WORK REQUIRED - With the pictures omitted, write out all of the listing exactly.

MATERIALS PROVIDED -
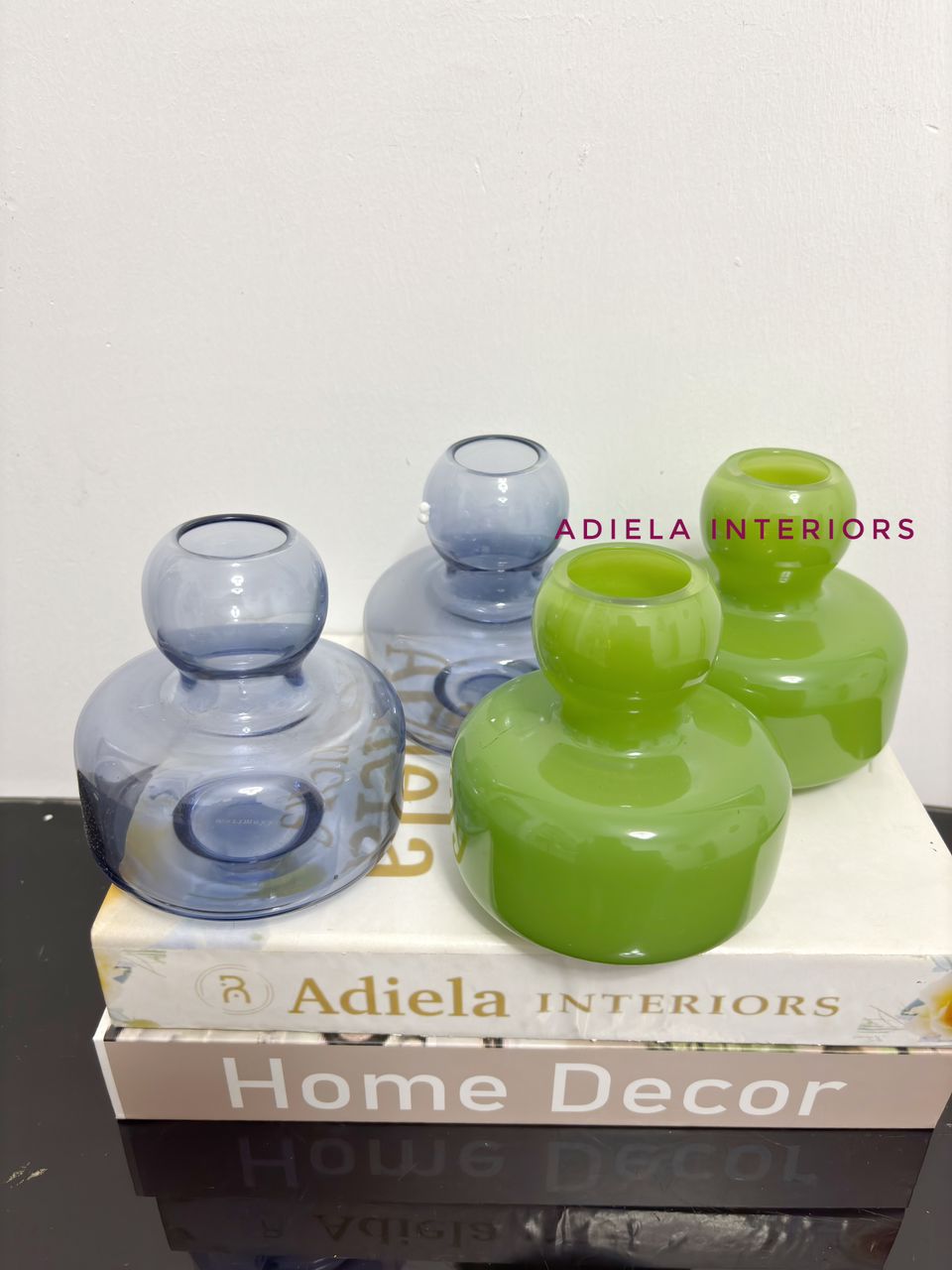 Glass Vase Image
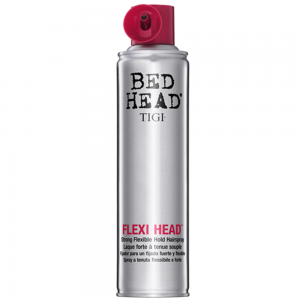 TIGI Bed Head Flexi Head Hairspray 385ml 1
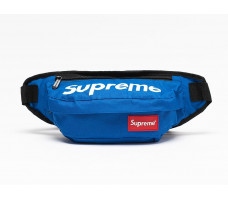 Поясная сумка Supreme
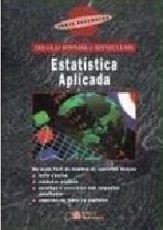 Estatística Aplicada / Douglas Downing & Jeffrey Clark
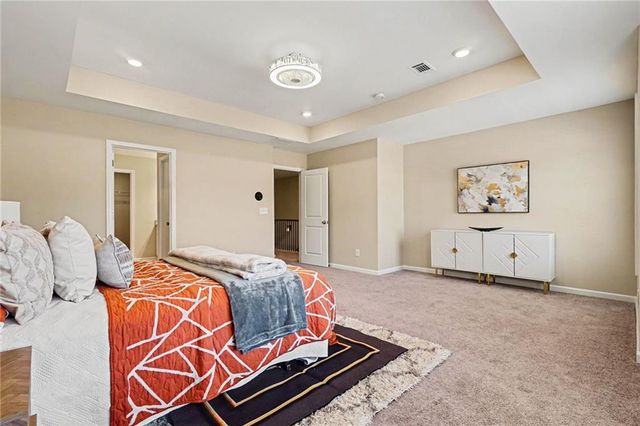 181 Dewey Road, Lilburn, GA 30047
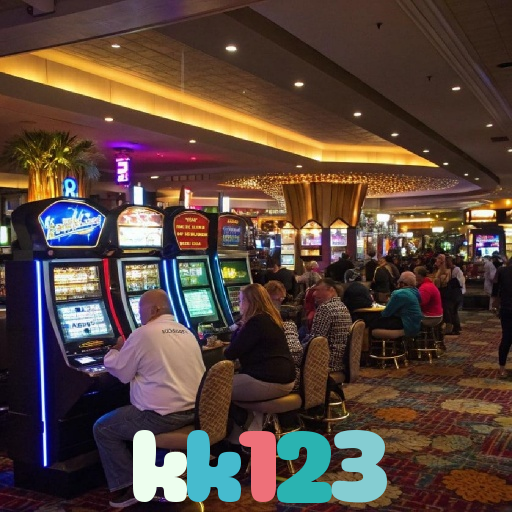 Cassino Online kk123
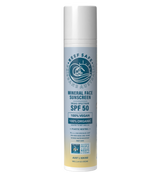 Reef Safe Zinc Mineral Face Sunscreen SPF50 100g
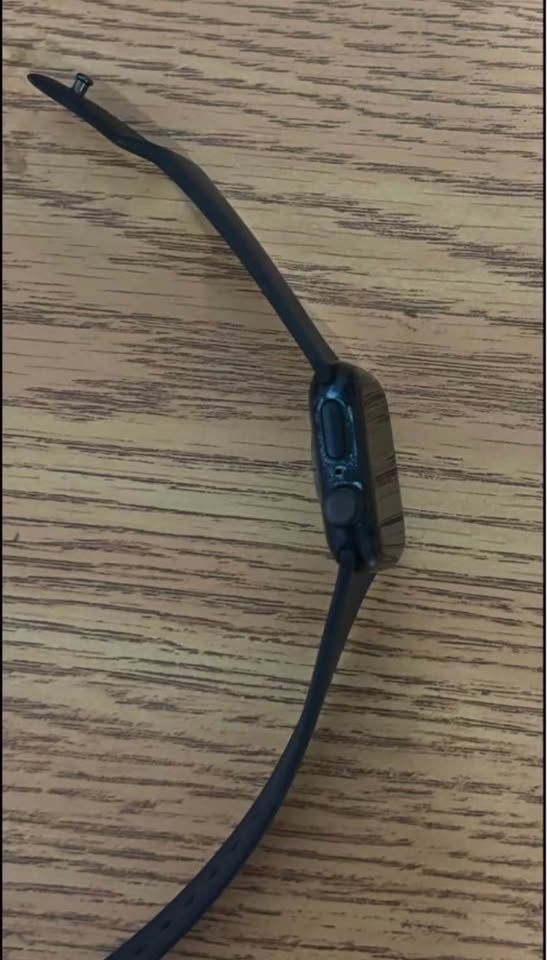 Apple Watch Series 8 - photo 2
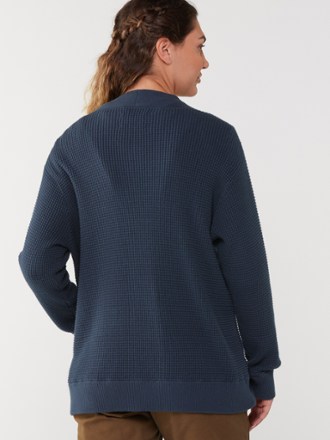 REI Co-op Wallace Lake Cardigan - Women's 3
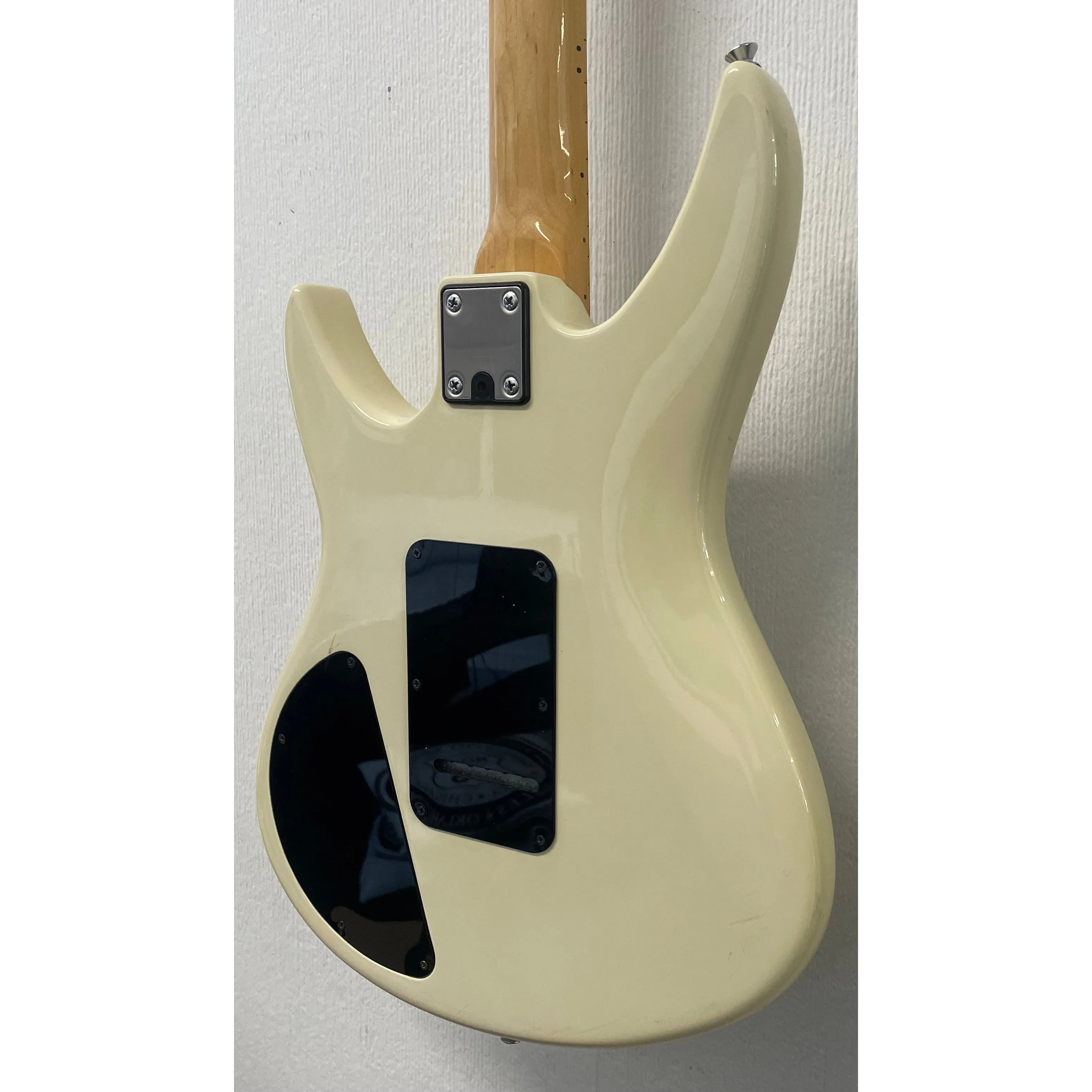 Peavey Horizon II 1983-1986 USA Electric Guitar in White Pre-Owned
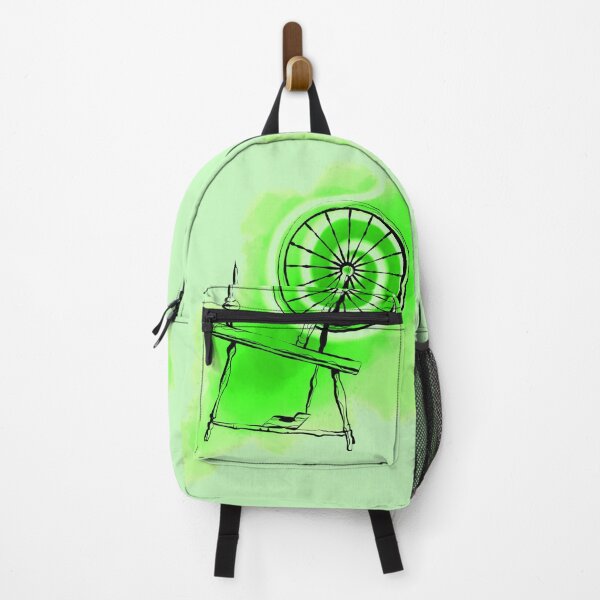 Item preview, The Spinning Wheel designed and sold by Ginnyheartlab.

WRITTEN RESPONSE -
 Glass Vase Image
 TIGI Bed Head Flexi Head Hairspray 385ml 1
 Поясная сумка Supreme
 Estatística Aplicada / Douglas Downing & Jeffrey Clark
 181 Dewey Road, Lilburn, GA 30047
 Cassino Online kk123
 Reef Safe Zinc Mineral Face Sunscreen SPF50 100g
 Apple Watch Series 8 - photo 2
 REI Co-op Wallace Lake Cardigan - Women's 3
 Peavey Horizon II 1983-1986 USA Electric Guitar in White Pre-Owned
 Item preview, The Spinning Wheel designed and sold by Ginnyheartlab.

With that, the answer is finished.